## Exercise goal:
A faithful copy is required: transcribe each line below exactly, minus the pictures.

[[ Data for this task, beginning ]]

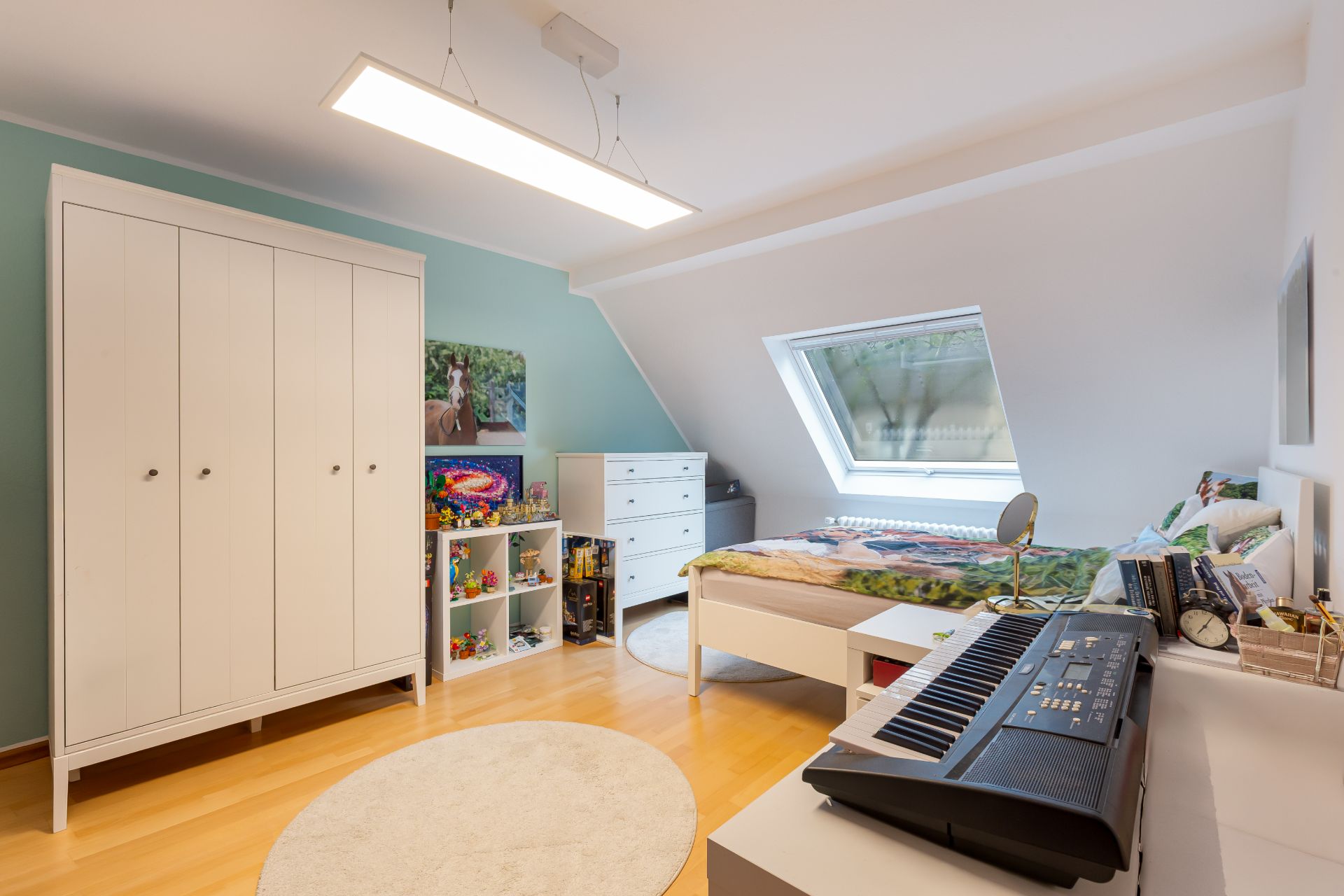 Helles Kinderzimmer mit Bett, Kleiderschrank, Schreibtisch, Regal, Keyboard und großem Fenster.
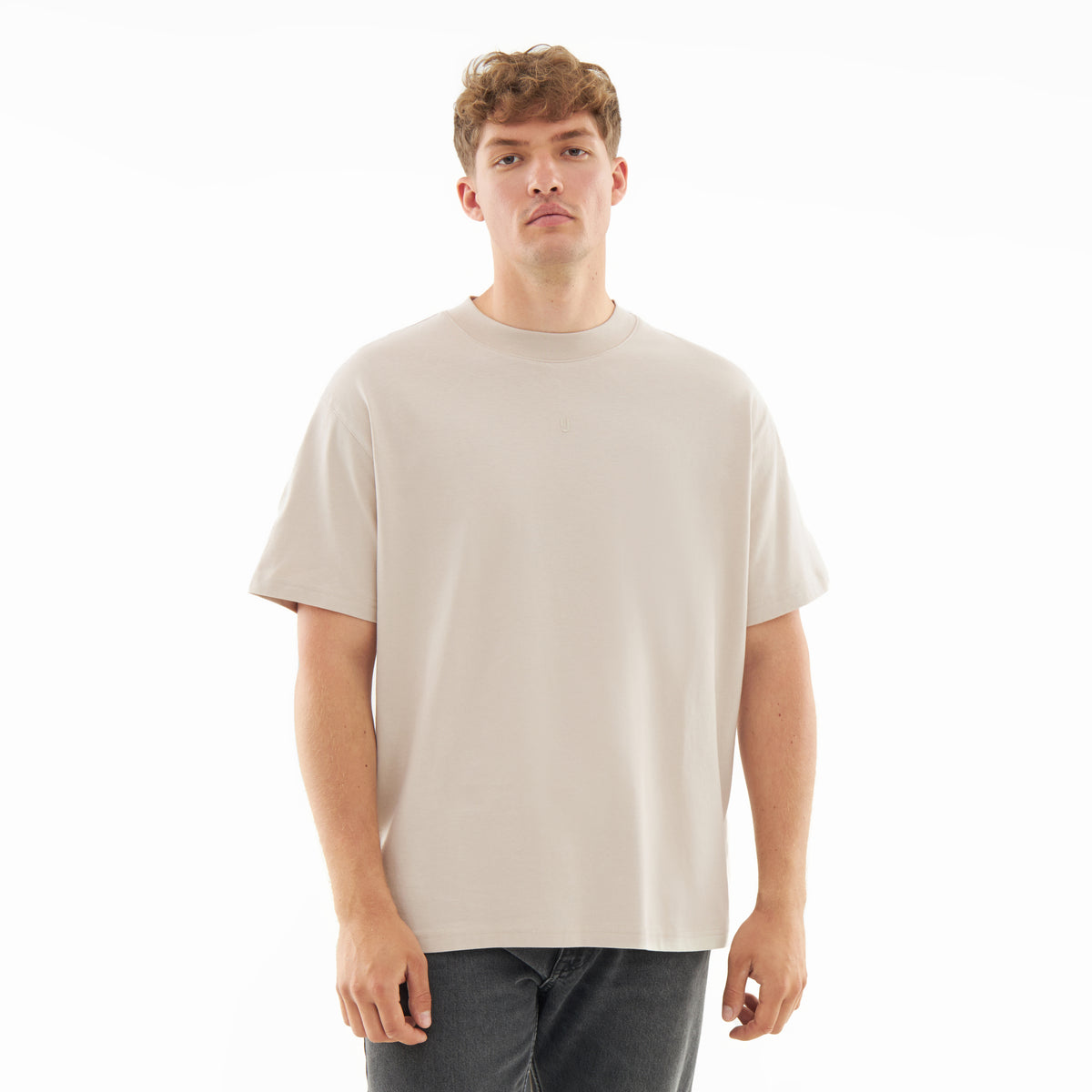 Mann trägt beige oversized T-Shirt 'Sammy Butterfly' und dunkle Jeans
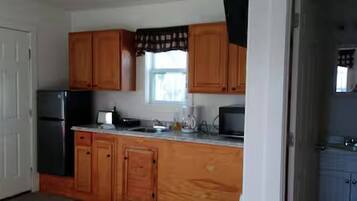 Una cocina con armarios de madera, un refrigerador, un microondas y una ventana con cortinas.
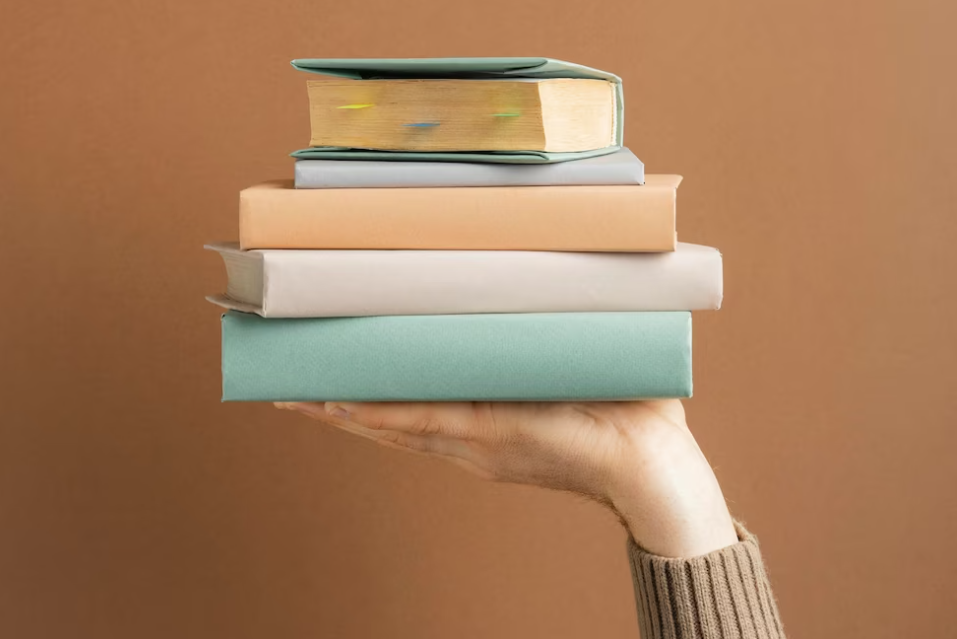 hand holding a block of books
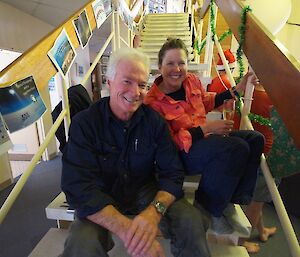 Two expeditioners sitting on stairs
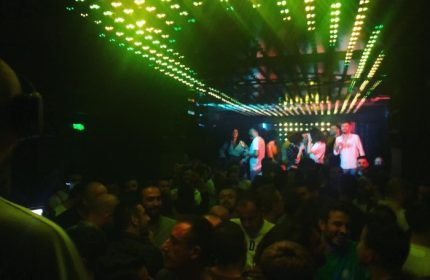 Istanbul gay nightlife: Crowded dance floor at Love Dance Point, a popular gay club. Green lights illuminate the dancing men.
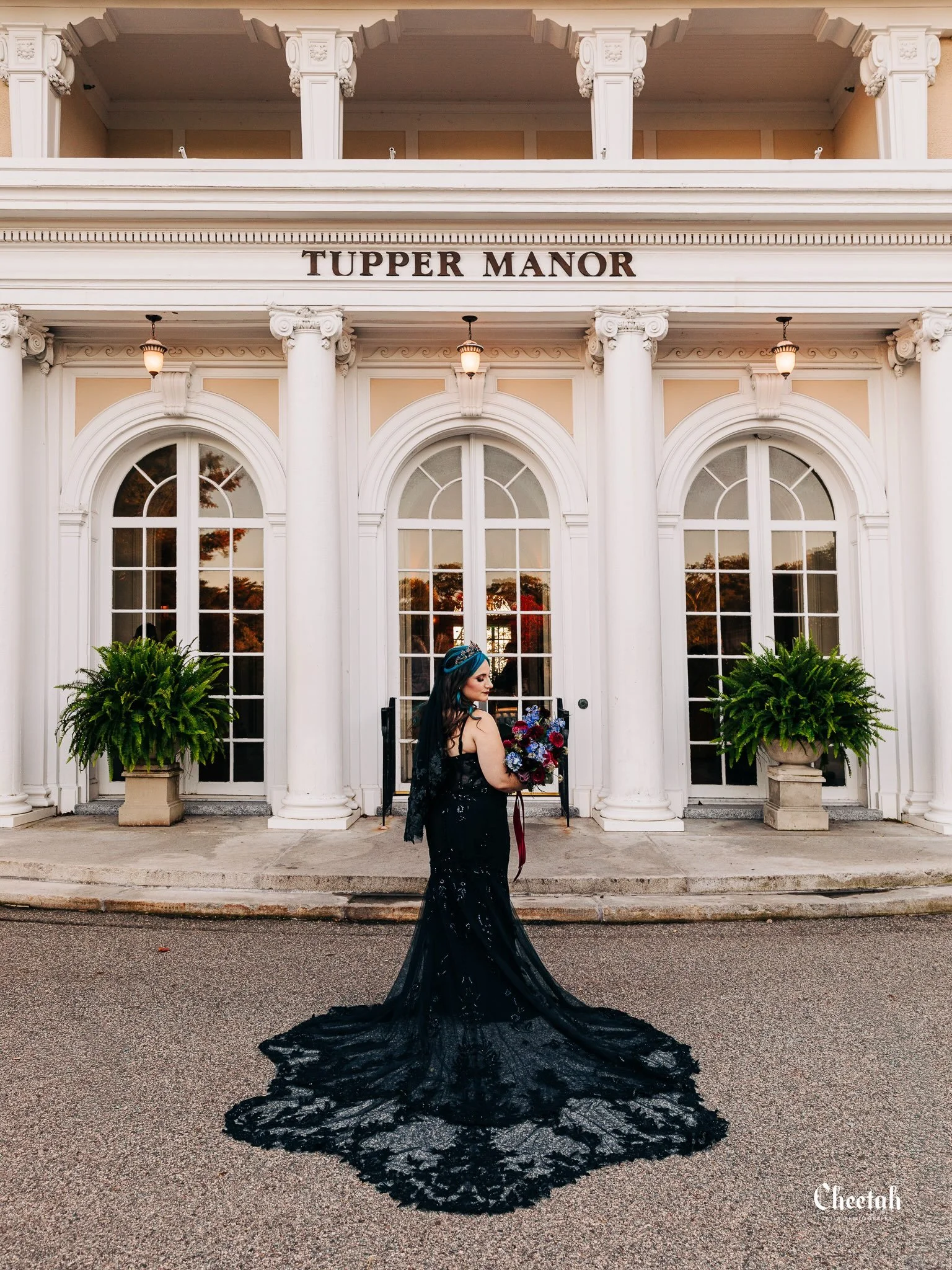 Something about a bride in black against the elegance of Tupper Manor just hits differently. 🖤 Dramatic lace, jewel-toned florals, and a little blue-haired magic made this one impossible not to photograph.

#CheetahDJPhotography #MassachusettsWeddin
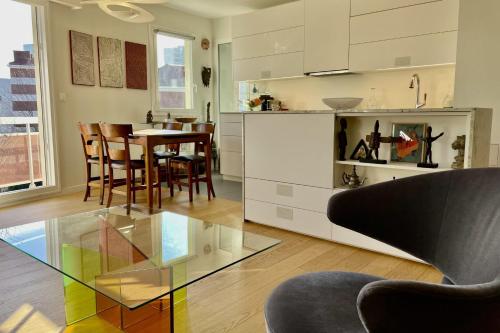 une cuisine et une salle à manger avec une table en verre dans l'établissement Apartment for 2 with balcony in Paris, à Paris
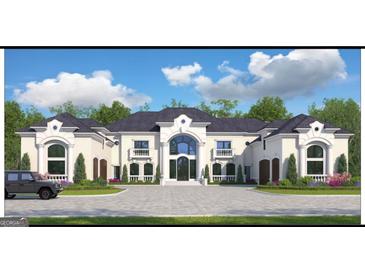 Elegant home with a circular driveway, manicured landscaping, and a striking architectural design at 4309 Giverny Blvd, Fairburn, GA 30213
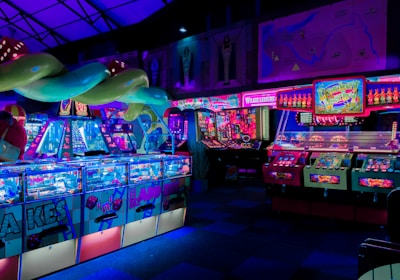 An indoor arcade filled with vibrant gaming machines lit with neon blue and pink lights. The scene includes various arcade games with flashing screens and colorful displays, and a large overhead structure resembling a green snake. The background shows illuminated signs and themed decor, contributing to an immersive entertainment atmosphere.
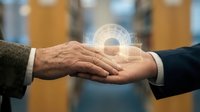 Diverse business professionals joining hands with glowing digital interface overlay, symbolizing teamwork, partnership, and technology integration in corporate collaboration and agreement.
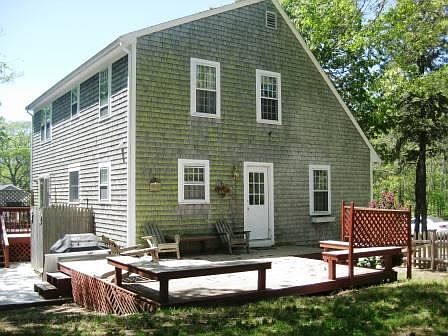 Deck with patio furniture and gas grill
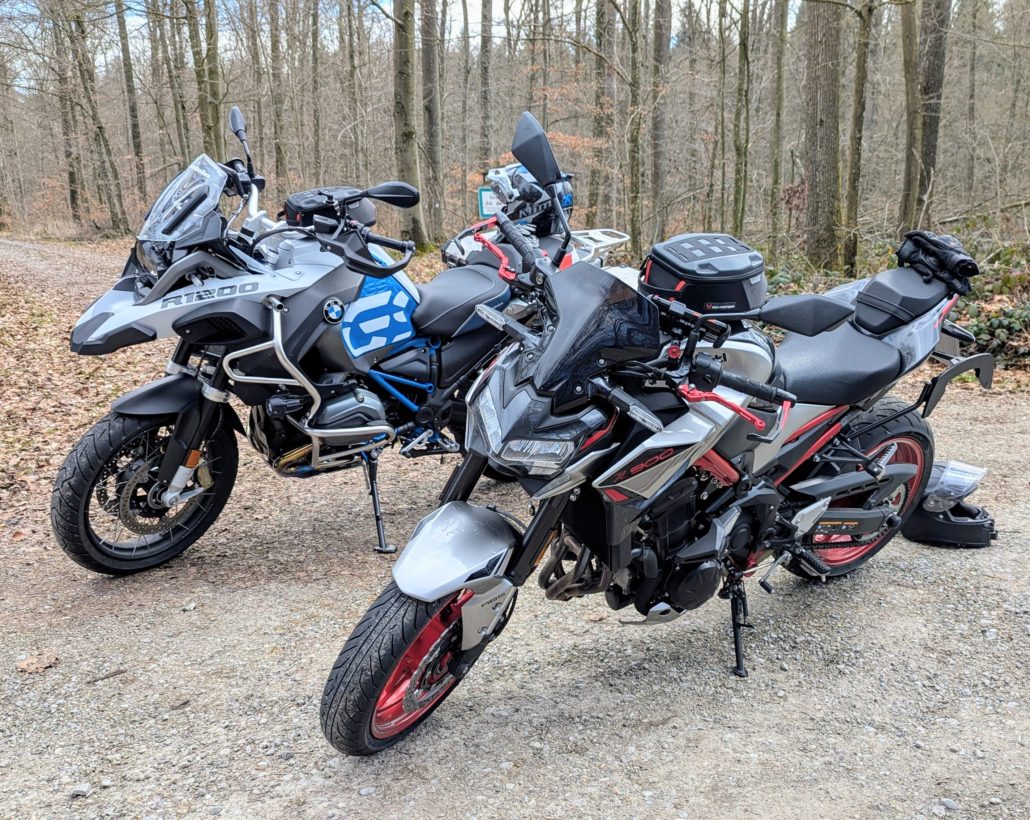 Frontansicht einer silbernen Kawasaki mit rotem Rahmen und Felgen, daneben eine weiße BMW R1200 GS mit Koffern im Wald.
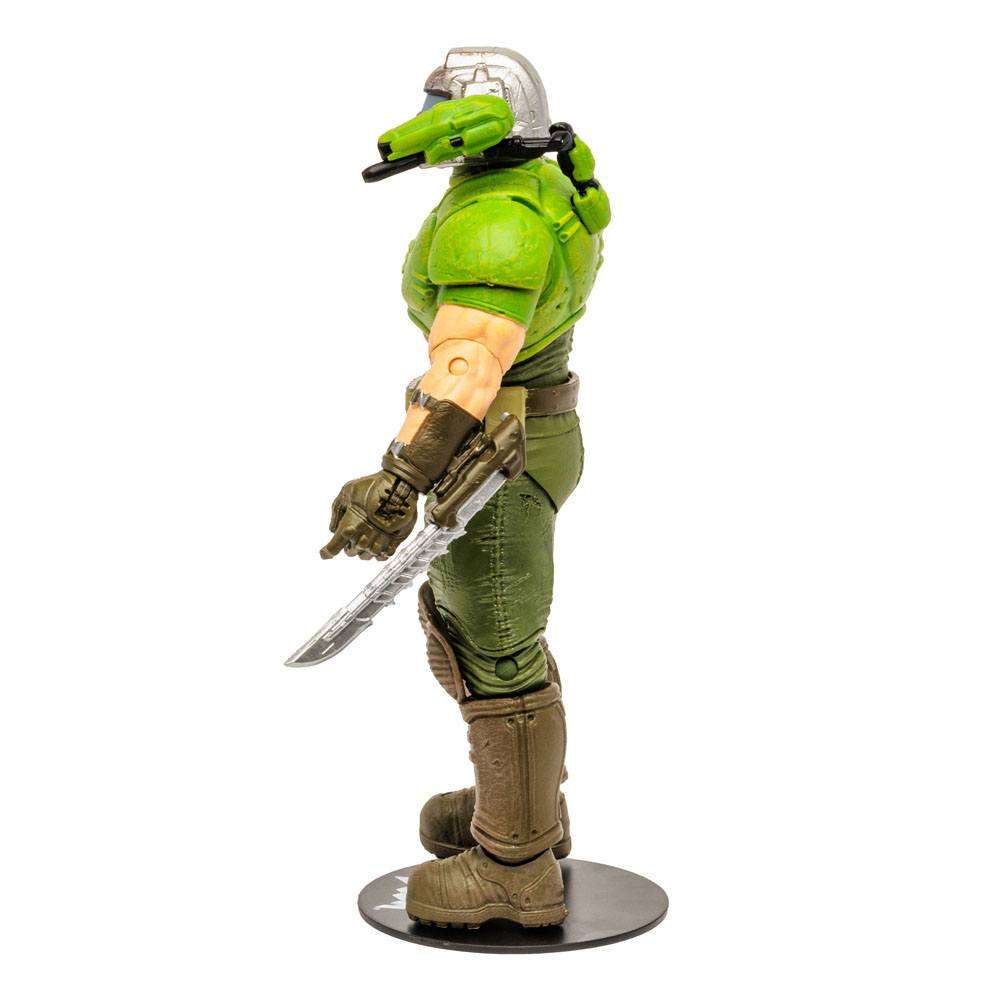 Side view of a 18 cm McFarlane Doom Eternal Classic Doom Slayer action figure wearing green armor and a silver helmet.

[[ Data for this task, end ]]

## Answer section:
 Helles Kinderzimmer mit Bett, Kleiderschrank, Schreibtisch, Regal, Keyboard und großem Fenster.
 Mann trägt beige oversized T-Shirt 'Sammy Butterfly' und dunkle Jeans
 Una cocina con armarios de madera, un refrigerador, un microondas y una ventana con cortinas.
 hand holding a block of books
 Two expeditioners sitting on stairs
 Istanbul gay nightlife: Crowded dance floor at Love Dance Point, a popular gay club. Green lights illuminate the dancing men.
 Something about a bride in black against the elegance of Tupper Manor just hits differently. 🖤 Dramatic lace, jewel-toned florals, and a little blue-haired magic made this one impossible not to photograph.

#CheetahDJPhotography #MassachusettsWeddin
 une cuisine et une salle à manger avec une table en verre dans l'établissement Apartment for 2 with balcony in Paris, à Paris
 Elegant home with a circular driveway, manicured landscaping, and a striking architectural design at 4309 Giverny Blvd, Fairburn, GA 30213
 An indoor arcade filled with vibrant gaming machines lit with neon blue and pink lights. The scene includes various arcade games with flashing screens and colorful displays, and a large overhead structure resembling a green snake. The background shows illuminated signs and themed decor, contributing to an immersive entertainment atmosphere.
 Diverse business professionals joining hands with glowing digital interface overlay, symbolizing teamwork, partnership, and technology integration in corporate collaboration and agreement.
 Deck with patio furniture and gas grill
 Frontansicht einer silbernen Kawasaki mit rotem Rahmen und Felgen, daneben eine weiße BMW R1200 GS mit Koffern im Wald.
 Side view of a 18 cm McFarlane Doom Eternal Classic Doom Slayer action figure wearing green armor and a silver helmet.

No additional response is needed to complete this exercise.